Could you copy exactly the lines from the start of the records through the one containing "सरकार, आप के", both included, and leave out the pictures?

(Image-caption web data)
◇ ◇ ◇ ◇ ◇
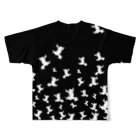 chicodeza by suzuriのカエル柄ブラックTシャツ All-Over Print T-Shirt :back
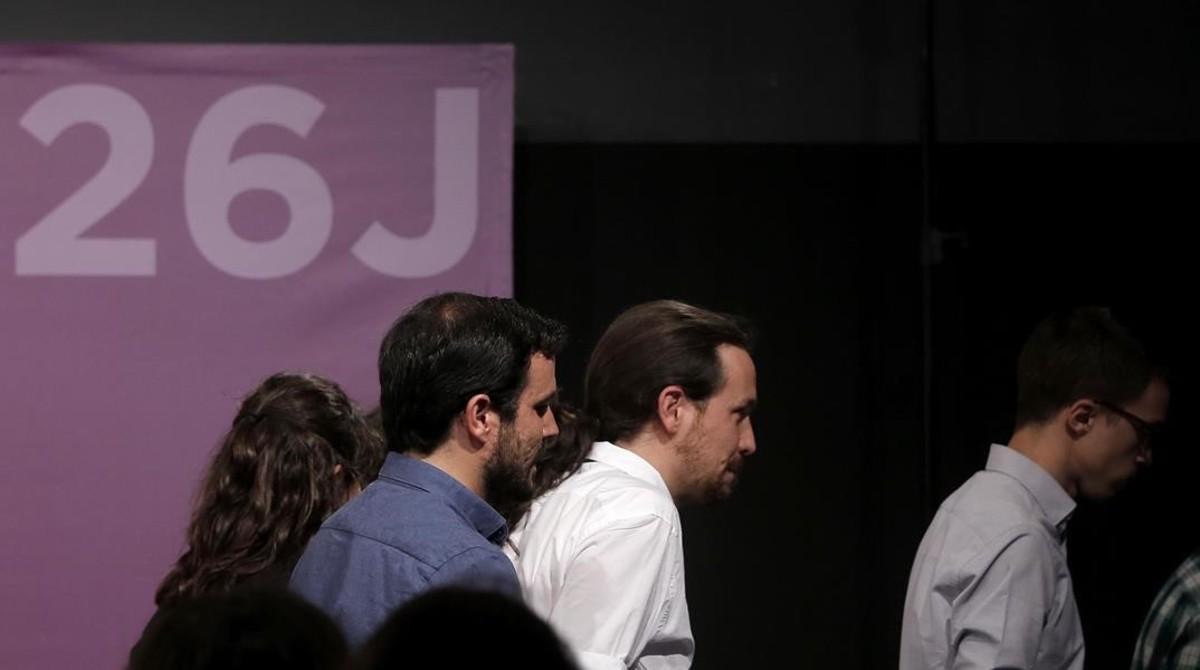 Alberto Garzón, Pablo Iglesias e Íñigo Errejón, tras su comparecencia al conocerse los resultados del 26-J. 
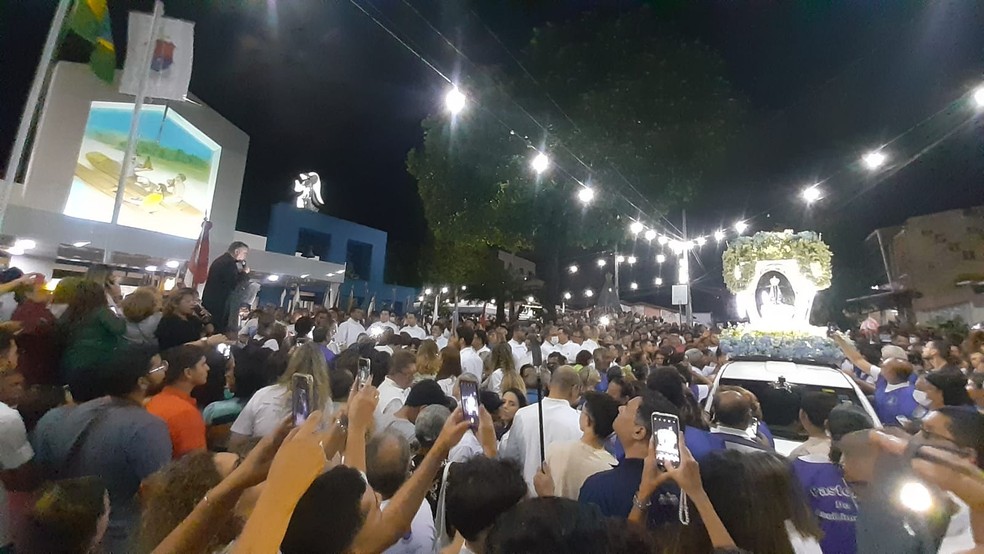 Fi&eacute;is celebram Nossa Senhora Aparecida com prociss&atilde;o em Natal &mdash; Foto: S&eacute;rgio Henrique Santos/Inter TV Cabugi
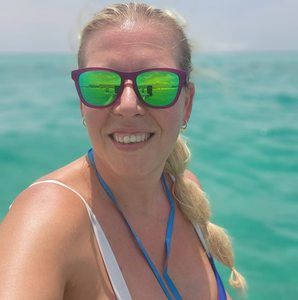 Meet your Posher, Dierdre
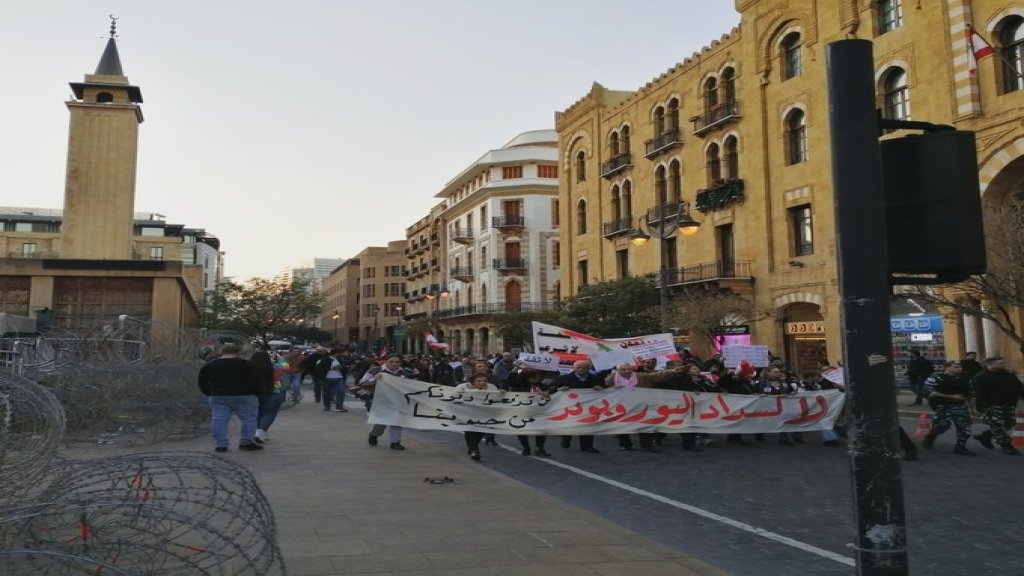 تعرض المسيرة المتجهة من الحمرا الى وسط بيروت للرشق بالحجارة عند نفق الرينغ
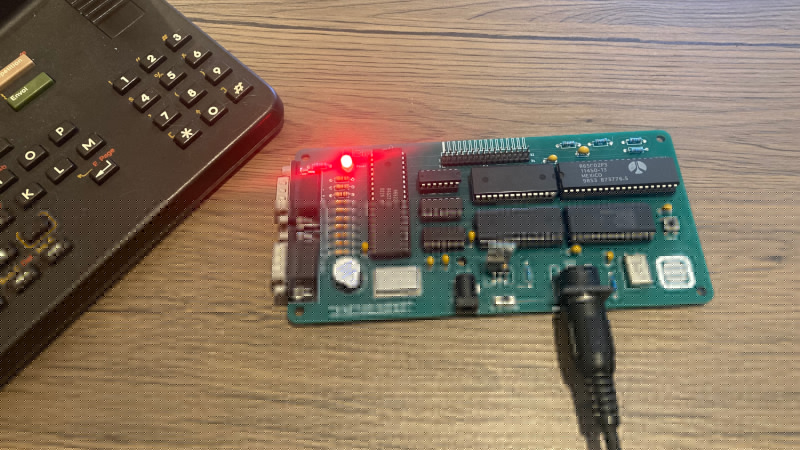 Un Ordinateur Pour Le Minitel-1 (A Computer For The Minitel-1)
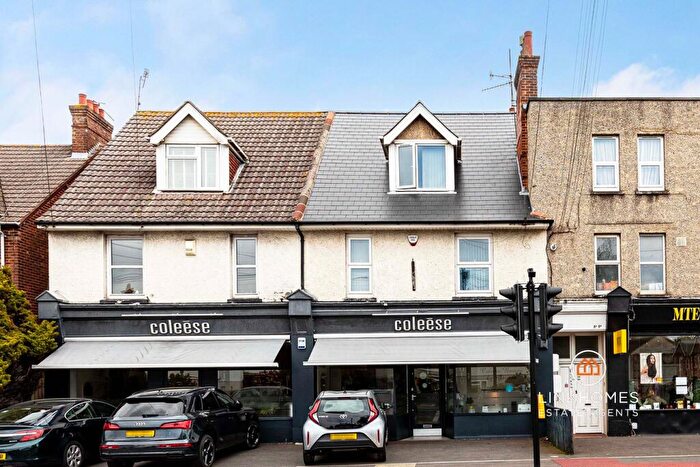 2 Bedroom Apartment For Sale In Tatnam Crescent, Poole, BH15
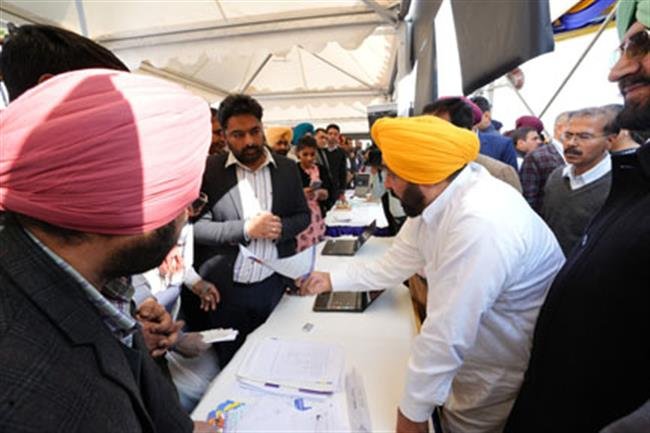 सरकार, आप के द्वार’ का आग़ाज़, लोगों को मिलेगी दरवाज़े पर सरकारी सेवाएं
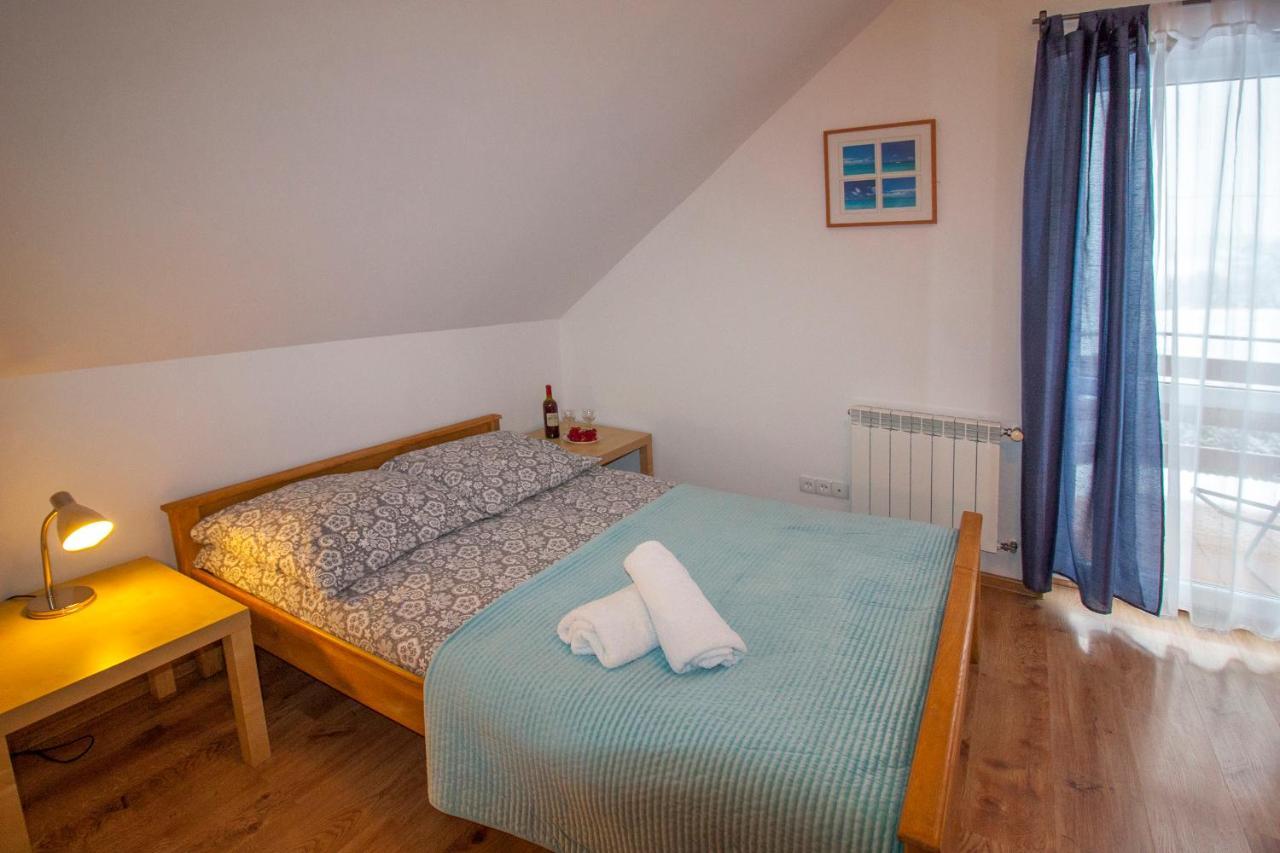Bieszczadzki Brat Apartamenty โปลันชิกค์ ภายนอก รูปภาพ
◇ ◇ ◇ ◇ ◇
- TASK ANSWER -
 chicodeza by suzuriのカエル柄ブラックTシャツ All-Over Print T-Shirt :back
 Alberto Garzón, Pablo Iglesias e Íñigo Errejón, tras su comparecencia al conocerse los resultados del 26-J. 
 Fi&eacute;is celebram Nossa Senhora Aparecida com prociss&atilde;o em Natal &mdash; Foto: S&eacute;rgio Henrique Santos/Inter TV Cabugi
 Meet your Posher, Dierdre
 تعرض المسيرة المتجهة من الحمرا الى وسط بيروت للرشق بالحجارة عند نفق الرينغ
 Un Ordinateur Pour Le Minitel-1 (A Computer For The Minitel-1)
 2 Bedroom Apartment For Sale In Tatnam Crescent, Poole, BH15
 सरकार, आप के द्वार’ का आग़ाज़, लोगों को मिलेगी दरवाज़े पर सरकारी सेवाएं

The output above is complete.